Porto e l’amore per i libri

C’è una libreria a Porto che ha circa un secolo e mezzo di storia. Proprio davanti all’entrata si apre una scalinata, con il fondo rosso e le ringhiere di legno lavorato, che sale al piano superiore disegnando una danza serpentina. Al primo piano una caffetteria, qualche poltroncina affiancata da una lampada, dove qualche romantico siede a leggere, incurante dei turisti curiosi che scattano foto, delle pose ridicole di qualcuno, capitato lì dentro più per turismo che per amore dei libri. Ma per chi li ama davvero, i libri, la Livraria Lello è un angolo di paradiso in legno, pieno di scaffali colmi di storie. Non è altro, se non una Basilica, come una San Pietro del libro. Ovunque posi lo sguardo ti imbatti in un particolare stupefacente, qualcosa che ti riempie gli occhi e la testa, che vuoi catturare nella memoria attraverso la rete della vista. Allora, come un bambino, accarezzi qualche copia, apri alcune copertine e ne annusi le pagine, inebriato. L’unico senso che rimane insoddisfatto, nella lettura, è solo il gusto, nel senso letterale del termine. Perché un libro puoi tenerlo in mano, odorarne il profumo di carta, udire il frusciare dei fogli quando volti pagina, leggere le sue righe stampate. E sempre, sempre, un libro ha la sua storia da raccontare, il suo insegnamento da impartire, un suo modo di sognare.

Esci da quella libreria e ti aspetti che l’incanto sia finito. Ancora non sai che le sue ripide strade hanno quasi sempre qualcosa da mostrarti. I grandi edifici imponenti; una chiesa, con il suo elaborato campanile, sulla cima di una collina; un fiume che scorre più in basso; un Palazzo del Commercio maestoso, con una libreria anch’esso, una sala col telegrafo, una stanza per i ricevimenti in stile mudéjar, un tribunale che odora di castagno e scricchiola sotto i tuoi passi, un patio con una grande vetrata sopra la tua testa, che ammiri calpestando un mosaico ispirato a Pompei.
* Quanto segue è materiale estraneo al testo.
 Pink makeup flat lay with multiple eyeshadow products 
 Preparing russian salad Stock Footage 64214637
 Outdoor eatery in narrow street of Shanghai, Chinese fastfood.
Localini curati dove mangiare, dalle pareti bianche, o cupe, alti sgabelli, esasperati nel dettaglio, che ricercano spasmodicamente, nello stile, la raffinatezza moderna. Piatti scelti, a base di pesce, accompagnati da un vino dolce o un vino verde, voi seduti a un tavolo di legno grezzo, che gustate e sorseggiate e trovate un’ispirazione, per scrivere, fotografare, pensare.
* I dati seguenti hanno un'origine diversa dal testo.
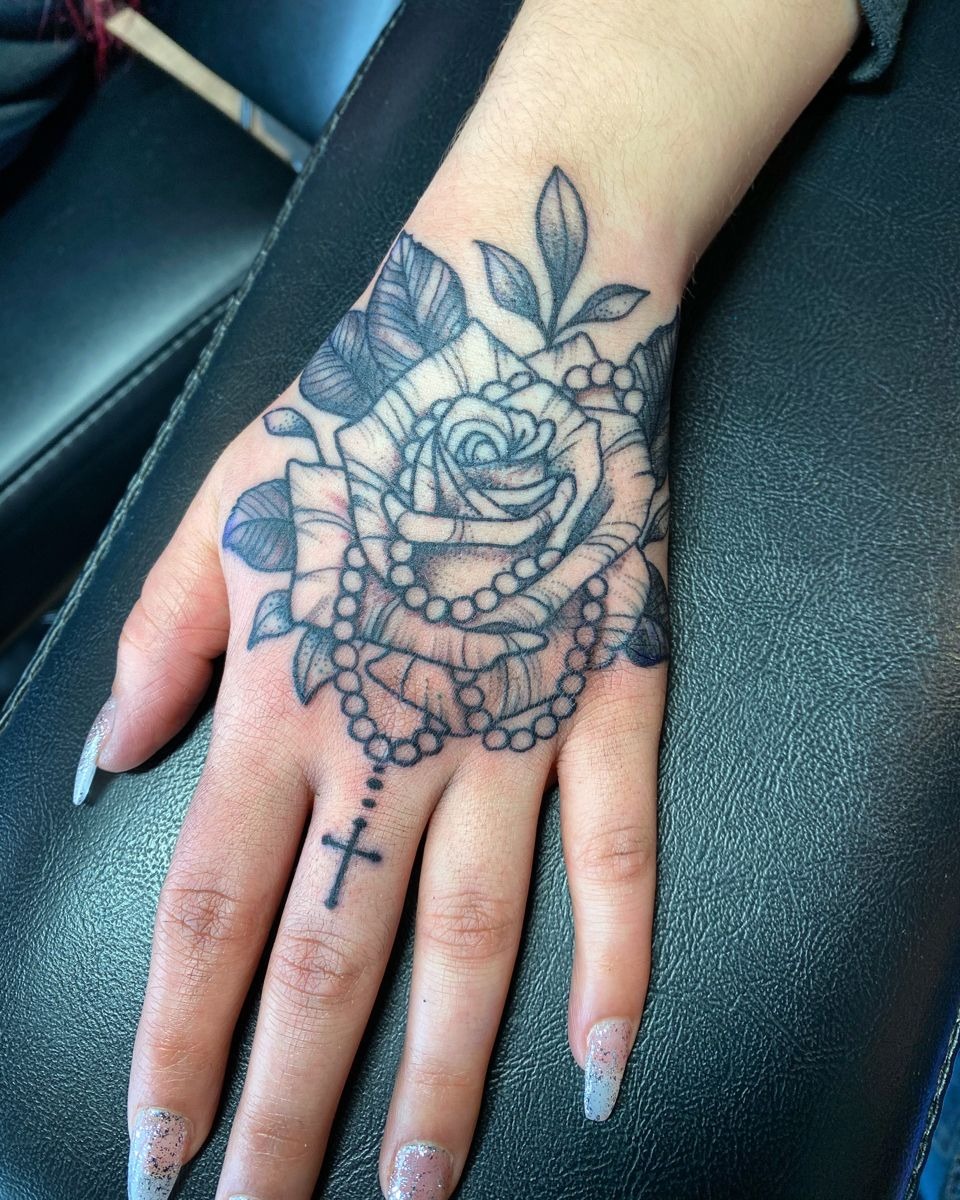 Rose and Rosary Hand Tattoo Tattoo Design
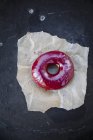 Closeup top view of blueberry donut on paper — Stock Photo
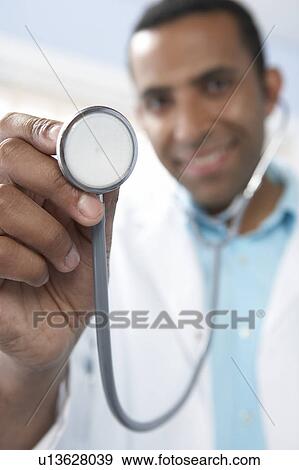 Stock Photo - Doctor using a stethoscope. Fotosearch
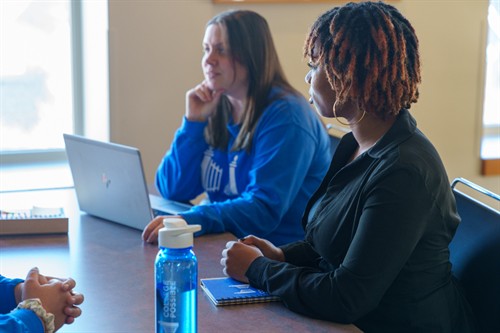 Gallery Image Coach_Julie_and_Zaire.jpg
E poi ancora librerie di storie già lette, negozietti di cianfrusaglie antiche, che già qualcuno ha usato, orologi appesi ai muri, o appoggiati al suolo. Le strade scoscese, una cappella gotica che incontri per caso, cercando la fermata della metro più vicina. Profumo di cibo e caffè delizioso.

Porto è pulita, una piccola città che si riscatta, mostra e vuole mostrare. La vista dall’alto, generale, completa, non è tanto affascinante quanto il dettaglio delle sue rúas variopinte, che traboccano di particolari e di vite, già vissute o ancora da vivere.

Porto è questo, l’aria fredda di un mattino di Febbraio, la tua mano in quella della persona che ami e il desiderio di dire: “Restiamo ancora un po’”.